The ‘regular’ lives of misogynists online - Women's Agenda

The ‘regular’ lives of misogynists online

Misogynists on social media are not just pseudo names. They are real-life people who use public transport, eat in cafes, walk city streets, drop the kids at childcare and do other seemingly innocuous things.

Usually, we don’t get to learn all that much about their regular lives — if they can manage such a thing in between setting up new Twitter accounts and coming up with even more violent ways to tell a woman who dares to speak out just how hard they’re going to rape her.

But this week, following Greens Senator Larissa Waters’ campaign urging us to rethink gender-based Christmas presents — which is apparently the most terrifying thing for some since Islamic State — one particular troll caught my attention. 

This guy suggested Waters is not only a “fool” for her stance on childrens’ gifts, but that she also probably “swallows”. I know, seriously clever stuff. Too witty for the internet. The tweet has since been deleted.

What is different about this particular tweeter to others resorting to misogynist behaviour is that his profile offers a little insight into his regular life.

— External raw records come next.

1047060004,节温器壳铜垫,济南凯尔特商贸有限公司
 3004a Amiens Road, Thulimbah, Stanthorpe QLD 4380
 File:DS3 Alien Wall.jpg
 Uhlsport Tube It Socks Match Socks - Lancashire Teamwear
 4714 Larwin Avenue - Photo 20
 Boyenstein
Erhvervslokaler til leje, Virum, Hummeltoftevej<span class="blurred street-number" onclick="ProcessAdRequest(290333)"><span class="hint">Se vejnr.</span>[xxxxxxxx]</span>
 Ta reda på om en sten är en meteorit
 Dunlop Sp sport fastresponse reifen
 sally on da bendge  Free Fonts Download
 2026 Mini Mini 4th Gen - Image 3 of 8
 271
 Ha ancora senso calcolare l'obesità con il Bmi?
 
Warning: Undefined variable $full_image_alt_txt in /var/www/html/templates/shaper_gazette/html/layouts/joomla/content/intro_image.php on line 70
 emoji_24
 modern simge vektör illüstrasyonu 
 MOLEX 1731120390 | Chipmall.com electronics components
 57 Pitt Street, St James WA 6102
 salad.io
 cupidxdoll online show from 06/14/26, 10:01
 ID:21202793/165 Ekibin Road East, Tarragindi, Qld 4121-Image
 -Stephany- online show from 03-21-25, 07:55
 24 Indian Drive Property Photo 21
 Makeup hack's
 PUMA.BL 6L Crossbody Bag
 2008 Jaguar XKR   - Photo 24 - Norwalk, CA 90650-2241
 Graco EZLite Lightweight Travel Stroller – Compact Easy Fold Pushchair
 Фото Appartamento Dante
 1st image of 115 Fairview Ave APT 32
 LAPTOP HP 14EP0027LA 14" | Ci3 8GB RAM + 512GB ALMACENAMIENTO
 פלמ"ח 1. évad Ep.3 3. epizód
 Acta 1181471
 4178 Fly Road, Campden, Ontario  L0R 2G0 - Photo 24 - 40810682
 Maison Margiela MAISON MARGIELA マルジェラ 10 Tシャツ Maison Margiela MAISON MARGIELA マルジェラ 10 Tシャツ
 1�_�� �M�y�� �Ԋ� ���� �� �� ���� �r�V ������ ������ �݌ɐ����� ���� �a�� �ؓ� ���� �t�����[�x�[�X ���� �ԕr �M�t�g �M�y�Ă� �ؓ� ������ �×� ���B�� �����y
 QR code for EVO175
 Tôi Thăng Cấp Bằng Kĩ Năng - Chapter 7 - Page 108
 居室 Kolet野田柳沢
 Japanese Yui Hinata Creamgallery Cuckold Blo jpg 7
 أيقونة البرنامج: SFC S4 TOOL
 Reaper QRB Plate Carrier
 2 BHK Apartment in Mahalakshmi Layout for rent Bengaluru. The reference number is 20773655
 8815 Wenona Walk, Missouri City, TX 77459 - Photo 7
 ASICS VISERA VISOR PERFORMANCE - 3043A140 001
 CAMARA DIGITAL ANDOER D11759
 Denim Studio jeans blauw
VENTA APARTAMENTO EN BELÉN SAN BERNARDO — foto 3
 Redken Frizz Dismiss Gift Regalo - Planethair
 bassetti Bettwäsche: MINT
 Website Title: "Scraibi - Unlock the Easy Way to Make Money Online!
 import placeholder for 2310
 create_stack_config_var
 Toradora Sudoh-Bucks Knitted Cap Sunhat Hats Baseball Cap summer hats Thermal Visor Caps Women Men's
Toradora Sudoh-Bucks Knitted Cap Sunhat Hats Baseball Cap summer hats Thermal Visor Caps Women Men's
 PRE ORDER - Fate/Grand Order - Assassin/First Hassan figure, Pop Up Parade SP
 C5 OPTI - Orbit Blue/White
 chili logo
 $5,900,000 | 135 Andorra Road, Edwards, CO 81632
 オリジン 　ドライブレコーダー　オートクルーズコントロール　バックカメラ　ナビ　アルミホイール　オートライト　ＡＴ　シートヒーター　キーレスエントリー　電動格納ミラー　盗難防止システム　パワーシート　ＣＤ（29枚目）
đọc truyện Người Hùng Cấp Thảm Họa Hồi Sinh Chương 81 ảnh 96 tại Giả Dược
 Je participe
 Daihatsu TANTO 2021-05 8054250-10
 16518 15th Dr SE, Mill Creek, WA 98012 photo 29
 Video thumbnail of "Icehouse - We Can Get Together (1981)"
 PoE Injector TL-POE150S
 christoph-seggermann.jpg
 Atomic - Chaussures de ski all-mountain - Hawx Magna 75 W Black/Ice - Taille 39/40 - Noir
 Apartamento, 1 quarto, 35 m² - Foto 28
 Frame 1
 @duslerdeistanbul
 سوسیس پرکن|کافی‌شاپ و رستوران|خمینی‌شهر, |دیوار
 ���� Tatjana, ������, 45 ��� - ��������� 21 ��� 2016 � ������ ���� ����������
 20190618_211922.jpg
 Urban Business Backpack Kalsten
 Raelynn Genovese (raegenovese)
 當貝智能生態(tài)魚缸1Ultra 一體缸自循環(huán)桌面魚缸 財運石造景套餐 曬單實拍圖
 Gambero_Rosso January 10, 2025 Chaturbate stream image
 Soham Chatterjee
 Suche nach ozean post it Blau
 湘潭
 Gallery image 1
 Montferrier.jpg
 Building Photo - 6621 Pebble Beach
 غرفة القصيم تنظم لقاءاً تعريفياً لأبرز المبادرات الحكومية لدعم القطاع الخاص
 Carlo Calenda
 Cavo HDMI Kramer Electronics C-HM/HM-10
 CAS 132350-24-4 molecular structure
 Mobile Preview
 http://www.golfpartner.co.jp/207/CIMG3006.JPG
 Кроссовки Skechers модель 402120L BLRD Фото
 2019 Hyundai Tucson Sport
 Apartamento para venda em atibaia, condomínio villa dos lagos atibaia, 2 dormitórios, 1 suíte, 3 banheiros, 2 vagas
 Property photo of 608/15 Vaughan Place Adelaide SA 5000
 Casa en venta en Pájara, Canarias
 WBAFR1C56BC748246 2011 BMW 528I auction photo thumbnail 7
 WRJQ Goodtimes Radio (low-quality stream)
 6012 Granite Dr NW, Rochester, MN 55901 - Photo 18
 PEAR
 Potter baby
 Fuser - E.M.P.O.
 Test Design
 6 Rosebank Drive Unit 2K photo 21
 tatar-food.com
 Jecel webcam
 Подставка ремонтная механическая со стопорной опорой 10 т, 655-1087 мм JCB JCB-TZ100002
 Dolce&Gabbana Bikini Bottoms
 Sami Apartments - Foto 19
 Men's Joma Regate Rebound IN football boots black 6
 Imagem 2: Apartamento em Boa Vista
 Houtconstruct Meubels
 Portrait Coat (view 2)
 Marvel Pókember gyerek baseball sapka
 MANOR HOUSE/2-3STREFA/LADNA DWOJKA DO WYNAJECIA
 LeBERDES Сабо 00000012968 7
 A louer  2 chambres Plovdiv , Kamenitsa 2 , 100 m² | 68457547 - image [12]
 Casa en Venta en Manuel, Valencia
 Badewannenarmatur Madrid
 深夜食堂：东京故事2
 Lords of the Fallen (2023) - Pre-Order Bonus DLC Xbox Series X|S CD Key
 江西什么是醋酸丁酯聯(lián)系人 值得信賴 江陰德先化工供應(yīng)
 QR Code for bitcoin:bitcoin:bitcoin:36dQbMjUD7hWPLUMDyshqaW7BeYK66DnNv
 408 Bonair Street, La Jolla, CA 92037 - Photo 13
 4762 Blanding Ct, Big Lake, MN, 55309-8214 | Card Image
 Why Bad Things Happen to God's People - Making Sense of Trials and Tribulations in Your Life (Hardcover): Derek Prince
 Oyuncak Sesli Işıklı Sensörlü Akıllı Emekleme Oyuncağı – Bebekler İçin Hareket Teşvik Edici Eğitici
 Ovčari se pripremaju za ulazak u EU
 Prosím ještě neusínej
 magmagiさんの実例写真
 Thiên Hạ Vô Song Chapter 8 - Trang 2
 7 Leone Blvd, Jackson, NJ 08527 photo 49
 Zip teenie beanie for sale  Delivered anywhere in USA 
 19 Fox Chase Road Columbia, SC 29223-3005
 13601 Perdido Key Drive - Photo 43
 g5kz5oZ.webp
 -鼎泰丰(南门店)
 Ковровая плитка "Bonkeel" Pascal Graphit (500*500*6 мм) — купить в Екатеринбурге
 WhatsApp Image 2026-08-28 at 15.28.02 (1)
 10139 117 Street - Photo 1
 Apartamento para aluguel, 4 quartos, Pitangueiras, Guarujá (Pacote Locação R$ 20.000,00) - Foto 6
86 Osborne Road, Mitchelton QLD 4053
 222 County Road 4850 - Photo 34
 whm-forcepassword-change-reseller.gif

It says he employs seven people (for once, I’m going to hope this team is 100% male), and runs a printing business in Western Sydney.

Just a hardworking, small business guy – but one who also happens to enjoy attacking women online.

It’s a sobering reminder that those making “bet she swallows” comments on Twitter are also the same people you encounter day to day. A colleague. A client. A small business person managing your printing needs. A random passerby on the street. It’s this fact that my colleague Georgie Dent finds particularly confronting when she receives often anonymous and vitriolic feedback online. You can block these trolls on Twitter, but they still exist and live among us.

So why do they do it?

As endmisogyny.org has found, misogynists online will offer a number of common defence statements to explain their behaviour. They’ll say they’re merely expressing their “freedom of speech!”; that they’re defending masculinity; attempting to take back the rights of fathers; protecting “fun”; and, a classic, that women can and should be attacked because they “don’t have to die in war”.

But I believe the answer is much simpler. It’s fear. A fear they may not be able to express in their “everyday lives”, so use the keyboard and guises of ‘freedom of speech’ to articulate it online instead.

This week, gaming journalist Alanah Pearce told Women’s Agenda just how she’s exposing the ‘real person’ element of those who’ve threated her with rape online. She’s tracking down the offenders’ parents on Facebook, and sending them screenshots of their son’s messages.

Pearce said she started doing this when she realised it was young boys and not grown men who were harassing her online. Her solution was to revert back to their “regular lives” – the people, especially their mothers, who would and should be horrified by such behaviour.

As she told Lucia Osborne-Crowley: “The problem with industries that exist largely online is that people feel like they can attack each other and not face any consequences. Without human interaction, people feel like they can say whatever they like and don’t understand the impacts their behaviour might have on others.”

But as we know, this is not just a problem with industries that exist online, this is the undercurrent of hatred that can exist anywhere.

It’s hatred that may never have been brought to the surface without the cloak of anonymity, or even just the ability to hide behind a computer screen.

And so there’s one teeny-tiny positive to come out of the rise of misogynist behaviour on social media. At least we know this level of hatred exists, and can do more to counter it back in our everyday lives.